Active vs. Passive Funds: Insights into Mutual Fund Flows in Q2
During the July-September quarter (Q2), active equity funds took the spotlight, attracting significant attention from mutual fund investors. According to a study conducted by Motilal Oswal AMC, active equity funds experienced robust net inflows of approximately Rs 74,000 crore. Fund managers demonstrated their ability to generate higher returns for investors through dynamic and active investment strategies, making active funds the preferred choice among investors.
Understanding Active Funds
Active funds are managed by professional fund managers who actively make decisions on whether to buy, hold, or sell the underlying securities in the portfolio. These funds rely on active stock selection and adopt various strategies and styles to manage investments. The primary objective of active funds is to outperform the benchmark index and generate superior returns (alpha) for investors. The risk and return associated with active funds depend on the specific investment strategy employed, as outlined by the Association of Mutual Funds in India (AMFI).

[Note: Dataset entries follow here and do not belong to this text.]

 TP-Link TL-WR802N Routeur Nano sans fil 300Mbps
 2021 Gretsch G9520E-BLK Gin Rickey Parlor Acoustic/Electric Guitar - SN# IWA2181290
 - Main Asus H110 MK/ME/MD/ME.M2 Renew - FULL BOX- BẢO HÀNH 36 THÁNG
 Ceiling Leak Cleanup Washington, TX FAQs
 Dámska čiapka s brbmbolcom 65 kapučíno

Q2 Flows in Active Equity Funds
In Q2 of FY’24, the mutual fund industry witnessed net inflows totaling approximately Rs 51,000 crore. Active equity funds led the way with net inflows of around Rs 74,000 crore, reflecting strong investor interest. Notably, investors displayed a keen appetite for active small-cap funds, accounting for about one-third of the Rs 33,000 crore net inflows during the quarter.
Within the broader category of equity funds, active small-cap funds attracted a significant share of net inflows, representing approximately one-fourth of the total. However, focused and ELSS (equity-linked savings scheme) categories within active equity funds experienced net outflows, totaling approximately Rs 2,000 crore.

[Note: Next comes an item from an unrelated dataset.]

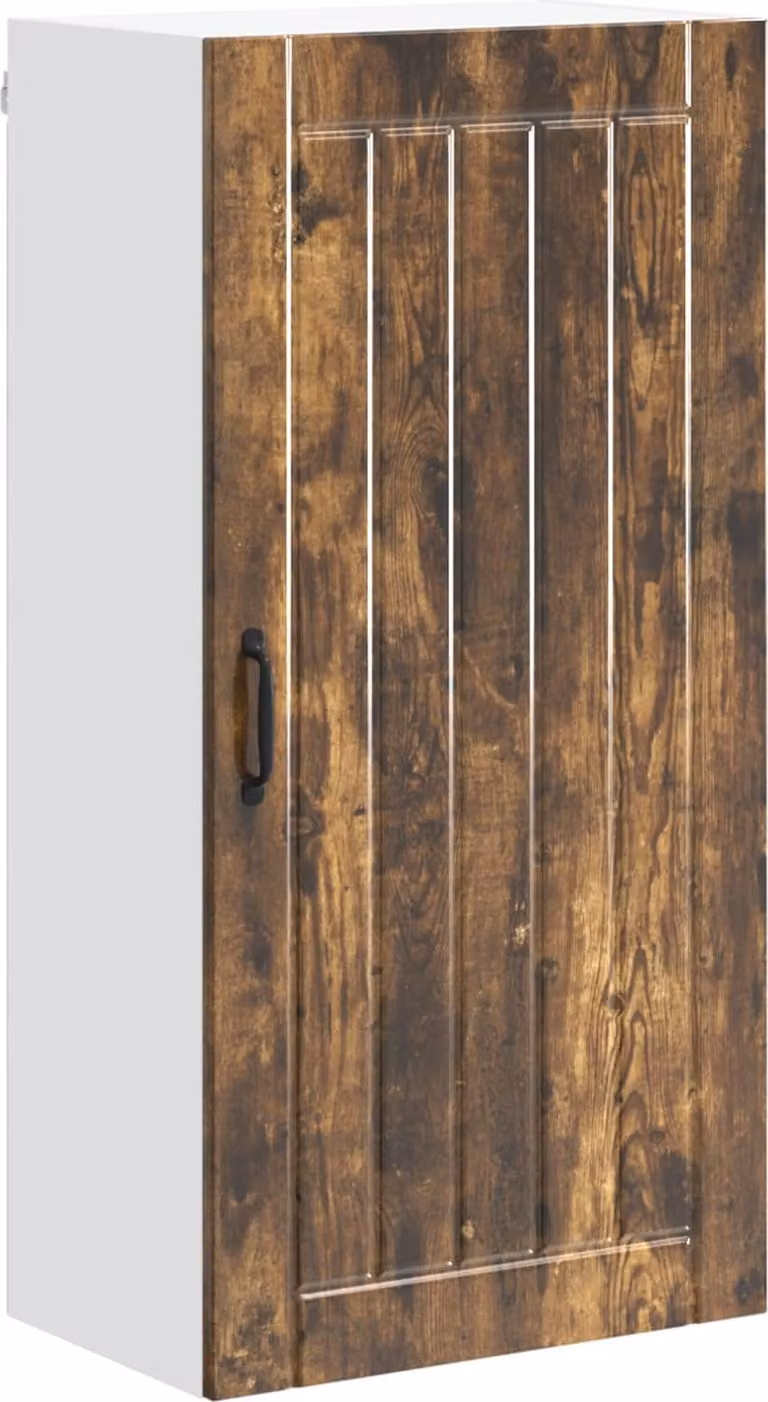 Armadietto a muro LUCCA Rovere Fumo 50 x 31 x 100 cm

The study also highlighted the growing popularity of active multi-cap funds, with two NFOs (new fund offerings) gathering Rs 2,000 crore out of the approximately Rs 8,000 crore net inflows in Q2 FY’24. In contrast, active large-cap funds saw net outflows amounting to Rs 1,800 crore.
Passive Funds: A Different Approach
Passive funds, including index funds and exchange-traded funds (ETFs), follow a strategy that replicates a specified index or benchmark. In passive funds, the fund manager has a passive role in stock selection, with buy, hold, or sell decisions driven by the benchmark index. The aim is to closely mimic the index with minimal tracking error.
Inflows into Passive Equity Funds
During the July-September quarter, passive equity funds received net inflows of Rs 9,000 crore. Among passive funds, equity claimed the majority share, accounting for approximately 78% of net inflows, while commodities secured an 18% share. Investors demonstrated a preference for passive large-cap funds, with this category receiving around 90% of all net inflows. Other passive categories, such as mid and small caps, also attracted significant net inflows, considering their relatively smaller assets under management (AUM).
Tailoring Investments to Your Goals
Investors have the choice between active and passive funds, each catering to different investment objectives. Active funds are suitable for those seeking to leverage the expertise of fund managers in generating alpha. Fund managers actively analyze market forces and economic conditions to aim for better returns. Passive funds, on the other hand, are ideal for investors who wish to align their investments precisely with market indexes.